:: DATASET EXCERPTS ::
====
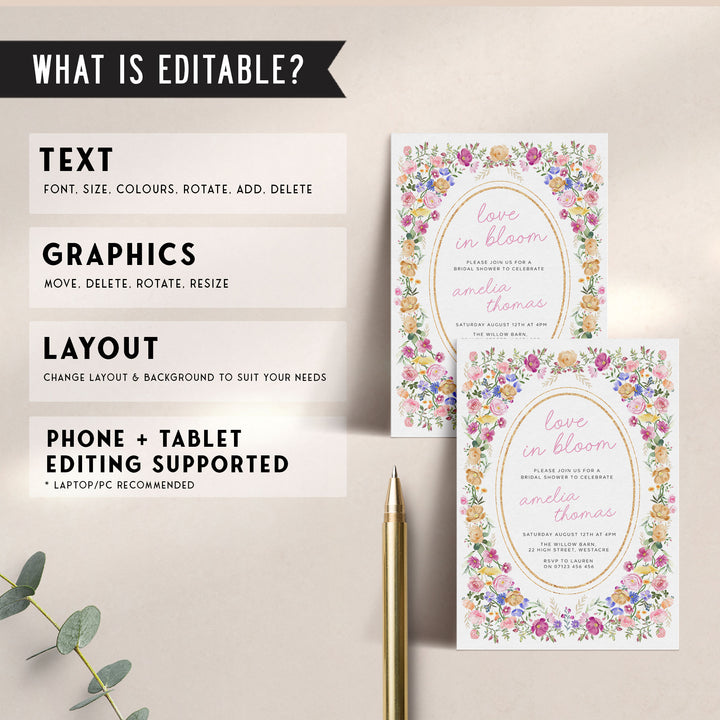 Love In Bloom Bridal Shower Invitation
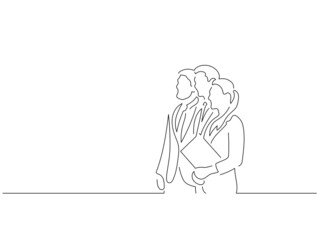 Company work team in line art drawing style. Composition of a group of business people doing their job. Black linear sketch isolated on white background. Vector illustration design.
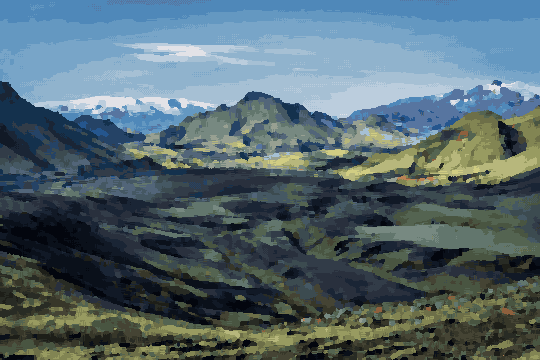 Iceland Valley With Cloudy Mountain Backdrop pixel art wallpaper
====
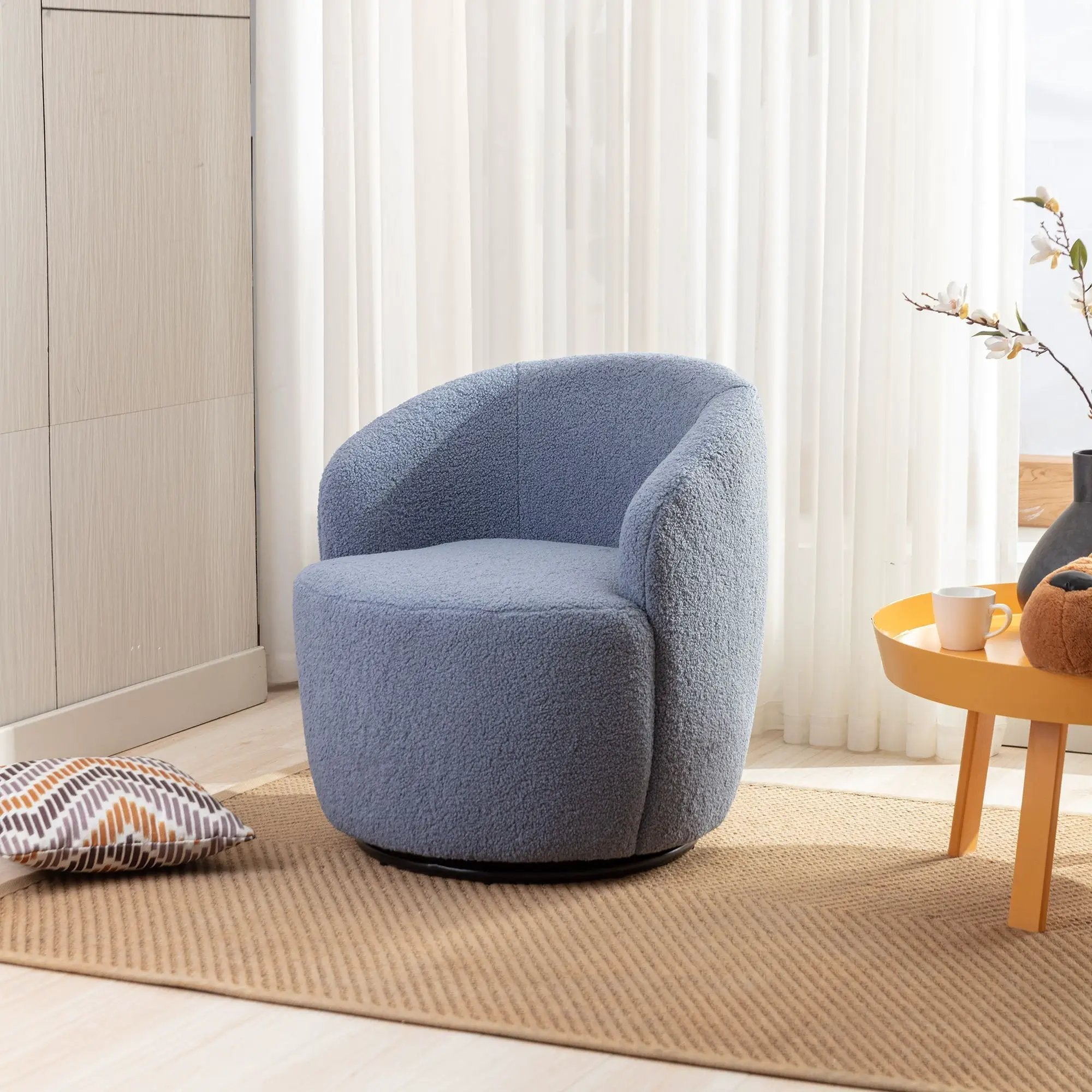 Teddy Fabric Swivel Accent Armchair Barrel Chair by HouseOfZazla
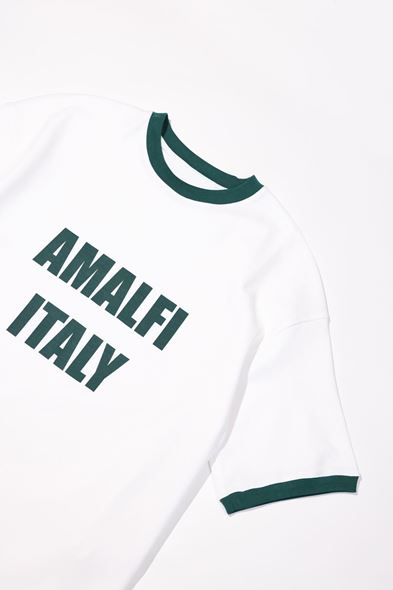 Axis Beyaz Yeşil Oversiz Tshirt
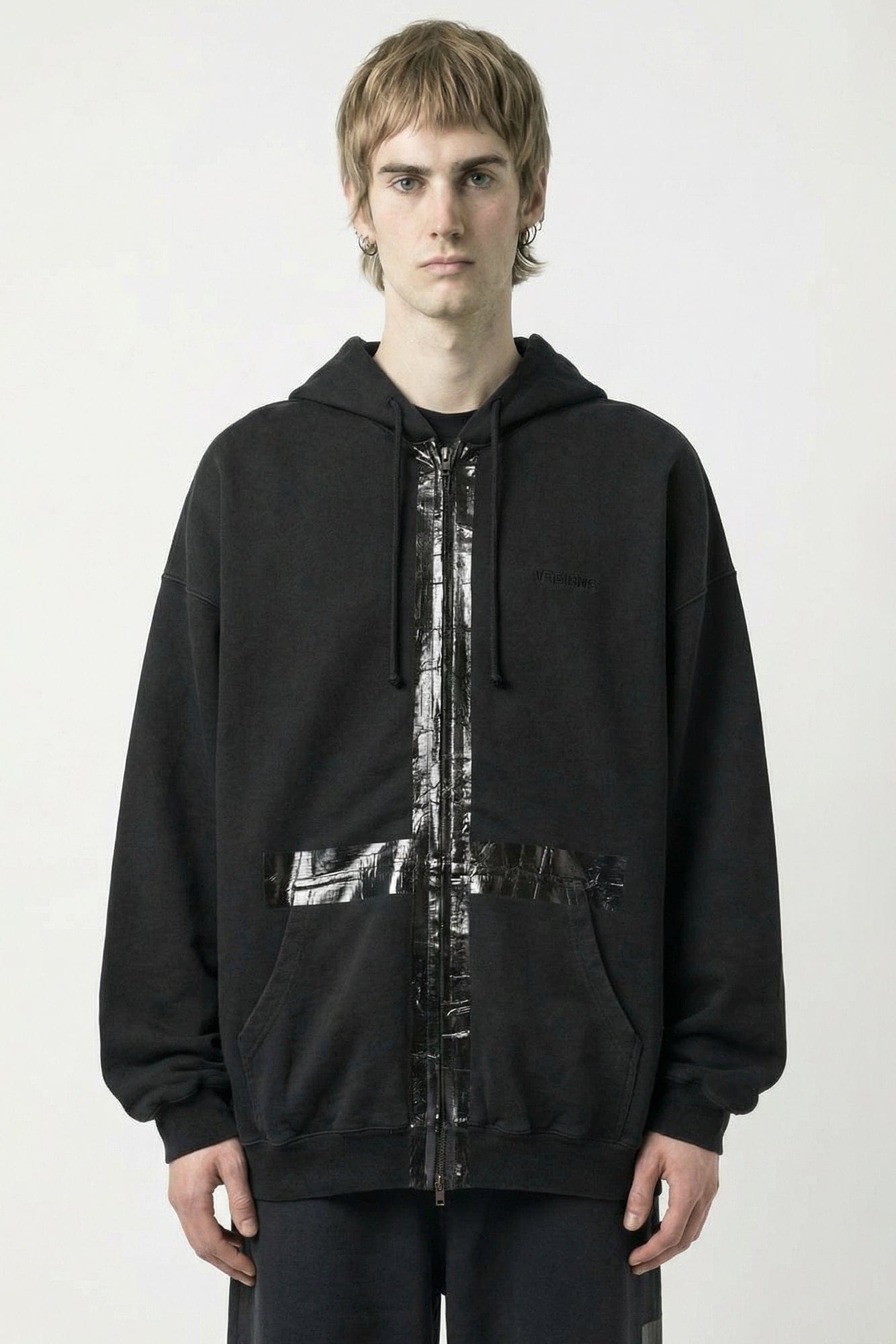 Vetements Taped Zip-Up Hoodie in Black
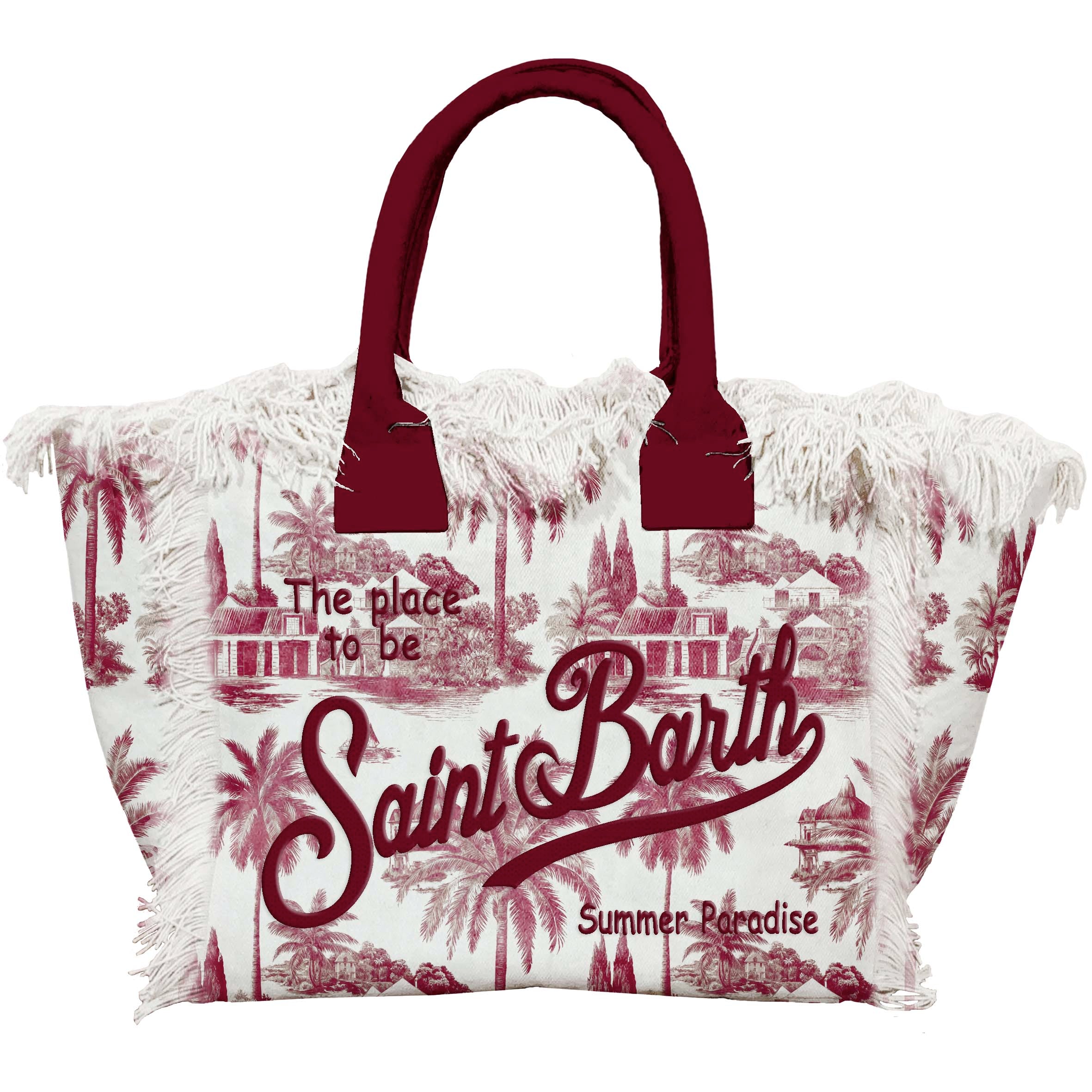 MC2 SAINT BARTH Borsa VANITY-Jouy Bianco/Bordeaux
====
What is needed is an exact copy of only the lines above from the one with "Love In Bloom Bridal Shower Invitation" to the one with "Company work team", both kept, with every picture left out.

 Love In Bloom Bridal Shower Invitation
 Company work team in line art drawing style. Composition of a group of business people doing their job. Black linear sketch isolated on white background. Vector illustration design.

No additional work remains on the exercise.